Robin Pedersen

Personal information
- Nationality: Norway
- Born: 31 August 1996 (age 29) Oslo, Norway

Sport
- Sport: Skiing
- Club: Stalkameratene IL

World Cup career
- Seasons: 2018–2020, 2022
- Indiv. starts: 47
- Indiv. podiums: 1
- Team starts: 3
- Team podiums: 1
- Team wins: 1

Achievements and titles
- Personal bests: 225.0 m (738.2 ft) Tauplitz/Bad Mitterndorf, 15 February 2020

Medal record
Men's ski jumping
Representing Norway
World Championships
| Bronze medal – third place | 2025 Trondheim | Team LH |
Junior World Championships
| Silver medal – second place | 2016 Râșnov | Team NH |

= Robin Pedersen =

Norwegian ski jumper (born 1996)

Robin Mattias Johannes Pedersen (born 31 August 1996) is a Norwegian ski jumper.

At the 2016 Junior World Championships he won a silver medal in the team competition and placed 22nd in the normal hill. He made his Continental Cup debut in December 2015 in Rovaniemi, recording his first podiums in December 2018 in Lillehammer with a third place before managing back-to-back victories the next week in Ruka.

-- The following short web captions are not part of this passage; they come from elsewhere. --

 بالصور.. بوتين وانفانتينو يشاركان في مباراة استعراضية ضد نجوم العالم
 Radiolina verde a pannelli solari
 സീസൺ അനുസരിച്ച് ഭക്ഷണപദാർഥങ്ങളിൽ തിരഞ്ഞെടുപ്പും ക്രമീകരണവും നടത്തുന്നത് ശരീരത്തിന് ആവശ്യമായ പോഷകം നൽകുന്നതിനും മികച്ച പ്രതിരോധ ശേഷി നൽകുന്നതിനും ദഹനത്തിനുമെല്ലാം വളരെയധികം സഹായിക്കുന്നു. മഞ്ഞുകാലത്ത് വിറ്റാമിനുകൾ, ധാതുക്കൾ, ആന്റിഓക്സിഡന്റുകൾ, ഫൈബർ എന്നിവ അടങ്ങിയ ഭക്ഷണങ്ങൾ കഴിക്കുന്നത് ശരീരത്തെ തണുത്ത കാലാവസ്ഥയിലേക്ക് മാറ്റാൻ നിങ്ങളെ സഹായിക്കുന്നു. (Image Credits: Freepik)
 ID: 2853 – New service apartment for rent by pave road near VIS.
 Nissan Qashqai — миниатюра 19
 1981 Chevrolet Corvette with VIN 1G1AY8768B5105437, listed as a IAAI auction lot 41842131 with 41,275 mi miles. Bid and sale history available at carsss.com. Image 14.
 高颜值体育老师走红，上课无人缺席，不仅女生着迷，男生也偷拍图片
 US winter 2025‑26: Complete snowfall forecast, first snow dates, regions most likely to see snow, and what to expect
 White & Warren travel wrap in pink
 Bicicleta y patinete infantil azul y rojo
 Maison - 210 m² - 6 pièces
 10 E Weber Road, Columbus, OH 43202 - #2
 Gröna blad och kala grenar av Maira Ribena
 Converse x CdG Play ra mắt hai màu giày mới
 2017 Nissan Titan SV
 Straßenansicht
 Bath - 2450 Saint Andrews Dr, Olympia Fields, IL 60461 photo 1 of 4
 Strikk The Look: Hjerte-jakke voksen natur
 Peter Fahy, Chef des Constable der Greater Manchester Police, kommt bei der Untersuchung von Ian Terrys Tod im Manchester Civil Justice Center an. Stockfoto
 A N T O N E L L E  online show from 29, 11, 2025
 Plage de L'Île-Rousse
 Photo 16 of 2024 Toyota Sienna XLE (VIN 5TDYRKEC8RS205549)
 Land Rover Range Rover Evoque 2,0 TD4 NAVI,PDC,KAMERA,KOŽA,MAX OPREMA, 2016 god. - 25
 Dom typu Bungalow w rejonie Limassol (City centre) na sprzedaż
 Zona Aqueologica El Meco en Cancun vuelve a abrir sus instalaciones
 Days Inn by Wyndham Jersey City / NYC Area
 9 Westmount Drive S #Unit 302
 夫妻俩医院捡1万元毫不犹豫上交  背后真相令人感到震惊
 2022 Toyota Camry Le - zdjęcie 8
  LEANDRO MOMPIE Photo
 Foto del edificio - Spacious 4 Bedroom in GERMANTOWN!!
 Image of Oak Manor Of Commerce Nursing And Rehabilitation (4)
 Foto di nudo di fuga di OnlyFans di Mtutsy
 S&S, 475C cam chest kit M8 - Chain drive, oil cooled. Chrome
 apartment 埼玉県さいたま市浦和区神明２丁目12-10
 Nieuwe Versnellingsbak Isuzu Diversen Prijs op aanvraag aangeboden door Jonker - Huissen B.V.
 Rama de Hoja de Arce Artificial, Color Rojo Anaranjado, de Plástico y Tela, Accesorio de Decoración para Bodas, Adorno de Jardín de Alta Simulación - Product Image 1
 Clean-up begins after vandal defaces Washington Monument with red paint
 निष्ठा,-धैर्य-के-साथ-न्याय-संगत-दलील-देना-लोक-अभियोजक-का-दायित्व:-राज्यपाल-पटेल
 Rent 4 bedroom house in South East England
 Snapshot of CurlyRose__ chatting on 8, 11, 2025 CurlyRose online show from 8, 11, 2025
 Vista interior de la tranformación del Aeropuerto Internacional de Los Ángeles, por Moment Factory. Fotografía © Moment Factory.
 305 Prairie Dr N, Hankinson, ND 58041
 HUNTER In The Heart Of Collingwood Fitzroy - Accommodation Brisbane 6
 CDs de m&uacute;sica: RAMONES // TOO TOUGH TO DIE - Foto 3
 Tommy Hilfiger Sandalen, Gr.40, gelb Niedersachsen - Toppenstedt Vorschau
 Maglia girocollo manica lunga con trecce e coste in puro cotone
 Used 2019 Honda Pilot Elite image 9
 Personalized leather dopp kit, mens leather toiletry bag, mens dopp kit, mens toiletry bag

He made his FIS Ski Jumping World Cup debut in March 2018 at the Holmenkollen ski festival. He collected his first World Cup points with a 30th place on New Years' Day 2019, later breaking the top 20 with an 18th place in Bischofshofen, both as part of the 2018-19 Four Hills Tournament where he finished 33rd overall.

He represents the sports club IL Stålkameratene. He is a son of ski jumper and national team coach Trond Jøran Pedersen.